The Police Department’s Assistant Spook in Residence is departing.

His shadowy presence at the NYPD for the past six years has been so secretive that, outside of a few top officials, no one knows who is he is or what he does.

His name is Laurence H. Sanchez. The department’s roster lists him as Assistant Commissioner in the Intelligence Division, just below fellow former spook, Deputy Commissioner David Cohen.

Spook is shorthand for CIA. Like Cohen, Sanchez worked there, starting in 1984. In 2004 he joined the NYPD.

Whether he formally left the CIA is another question. Check out the vertical website “zoominfo.” There, he is listed as a “CIA liaison to the NYPD.”

What exactly was his job at the police department?

Christopher Dickey wrote in Newsweek in 2009 that “Sanchez was able to keep Cohen abreast of anything and everything the CIA learned abroad, including whatever information about New York might be spilled by prisoners interrogated at the agency’s ‘black sites.’”

So who is Sanchez? His bona fides are formidable. He has a degree in geophysics with a minor in Russian from the University of Montana. He is a power-lifter, boxing titlist and a master-qualified scuba diver. He speaks Russian and Portuguese and is an expert in nuclear proliferation.

At the CIA, he served as an assistant to its Executive Director.

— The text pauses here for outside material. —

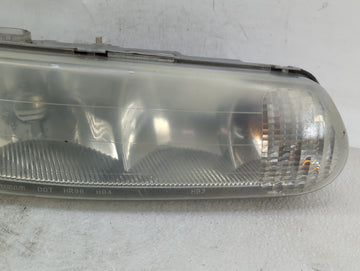 1997-2001 Buick Century Passenger Right Oem Head Light Headlight Lamp - Oemusedautoparts1.com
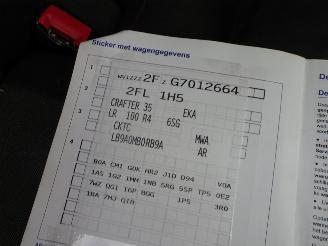 Volkswagen Crafter 50 2.0 TDI L3H1 openlaadbak 3 zits airco 3500 kg trekhaak gewicht picture 20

He spent four years in its Non-Proliferation Center and a year as a deputy team chief for nuclear forces inspections in the former Soviet Union. In 1998, he was seconded to the Energy Department as its Director of Intelligence.

He did not return phone messages to his NYPD office at the Chelsea redoubt where he is still said to work.

A former top NYPD official described him as “an American patriot.”

Working with Cohen, he is said to have played a key role in expanding the NYPD’s Intelligence Division.

Sanchez, said the official, helped develop “an effective expanded Intelligence Division within constitutional boundaries. He came from that world and provided expert guidance and suggestions. He well understood the domestic threat and the idea that any intelligence program had to operate within the boundaries of the Constitution. He knew the area he was in. It didn’t need to be explained to him.”

But this description of the Intelligence Division belies what others say: that it has become a mini-CIA, operating under no restraints whatsoever.

In fact, another former top police official described the Intelligence Division to this reporter two years ago as a “mini-CIA within a municipal agency without the safeguards to ensure that it does not break the law.”

He added: “What mechanisms are in place to ensure that the NYPD does not become a rogue organization?”

If there are such safeguards, Police Commissioner Kelly has never spelled them out to the public.

In fact, Kelly has run the Intelligence Division for the past ten years without civilian oversight and public accountability.

And Mayor Michael Bloomberg, whether out of ignorance, design, or fear of Kelly, has abdicated his mayoral responsibility to monitor the NYPD and the police commissioner.

Sanchez’s own words have added to the perception that the Intelligence Division has no safeguards.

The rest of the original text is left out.